Ora, prescindendo da ogni considerazione sull’uomo e sulle capacità – che diamo per rate, se non altro sotto il profilo della competenza economica, visto il ruolo ricoperto e la sua carriera di tutto rispetto -, ci sembra perlomeno atipico che Confindustria indichi chi dovrà essere il prossimo premier. Indirettamente, come da qualche parte è stato più acutamente sottolineato (si veda il fondo di Marco Travaglio su “Il fatto quotidiano” del 23 settembre), si vorrebbe sminuire il ruolo delle elezioni e le possibilità decisionali di quel popolo di cui spesso ci riempiamo la bocca ma che ci sta bene solo nella misura in cui riusciamo a gestirne e pilotare i processi decisionali. In sintesi, nessun colpo di testa, le elezioni sono, a parere di questi signori, un atto puramente formale.

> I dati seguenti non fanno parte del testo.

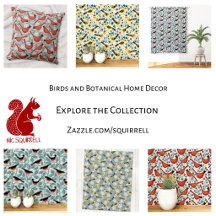 Birds and Botanical Home Decor
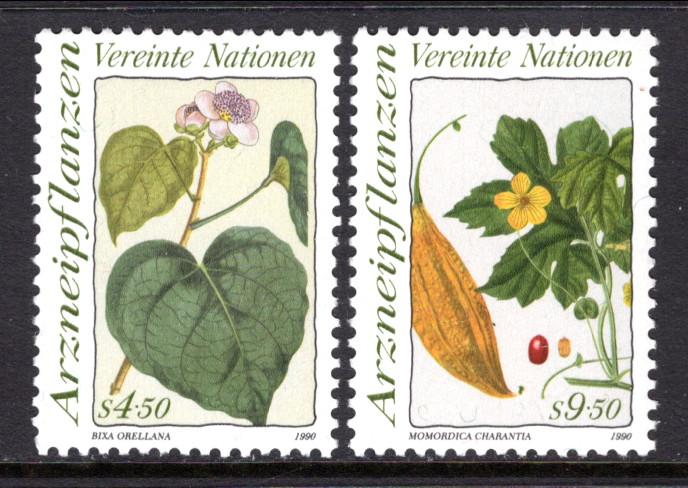 UN Vienna 101-102 Medicinal Plants MNH VF
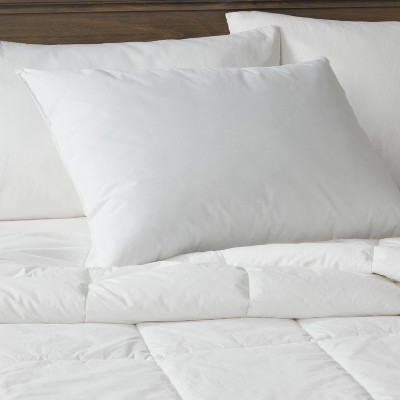 Medium White Microgel Down Alternative Bed Pillow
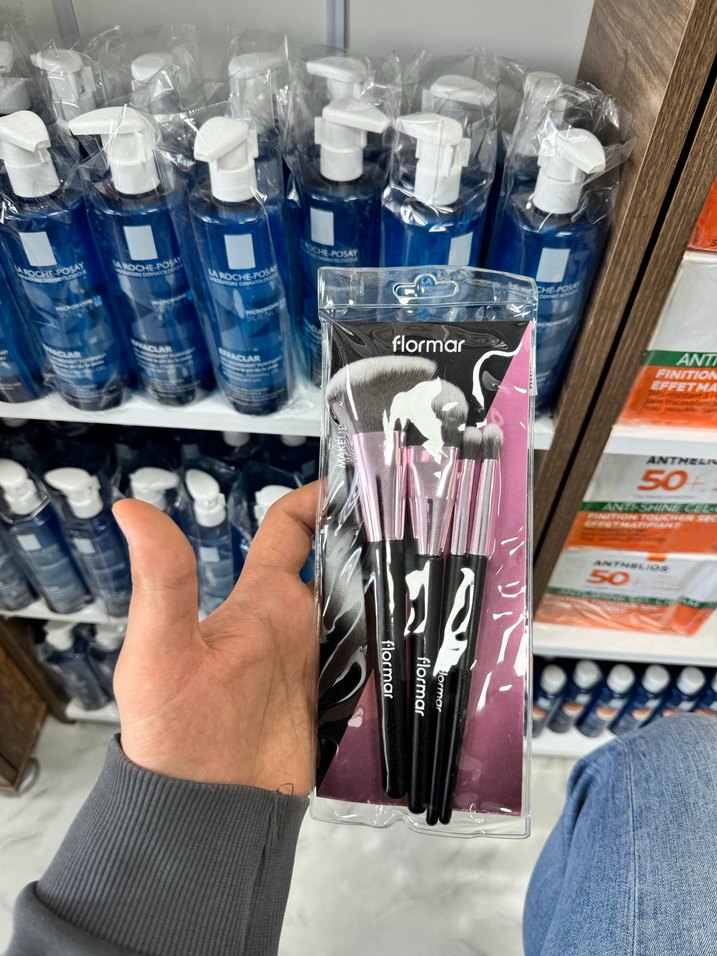 Flormar 3'lü Makyaj Fırçası Seti Pembe - Görsel 3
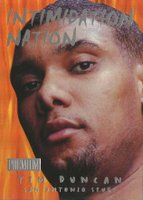 1998 Skybox Premium Intimidation Nation #10 Tim Duncan Basketball Card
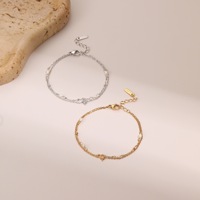 Collier pendentif tendance en acier inoxydable plaqué or 18 carats avec perle, non ternissant, pour femme, cadeau de bijoux à la mode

Molto meglio mettersi al riparo da sorprese indicando già da ora il futuro premier, magari sostenuto da un’ampia maggioranza, con buona pace dei principi fondanti di uno stato democratico, che vede nella diversità dei ruoli tra maggioranza e opposizione (la prima con l’onere di governo, la seconda col dovere di controllo e pungolo) uno dei suoi elementi basilari. Ciò che sta succedendo in Italia negli ultimi mesi è già di per sé atipico, considerato il modo in cui si è arrivati all’attuale governo. Tentare di stabilizzare anche per il futuro un governo nato in laboratorio, indicando aprioristicamente il premier dopo il 2023, rappresenta l’ennesimo sfregio a quella democrazia per la quale tanto sangue è stato versato.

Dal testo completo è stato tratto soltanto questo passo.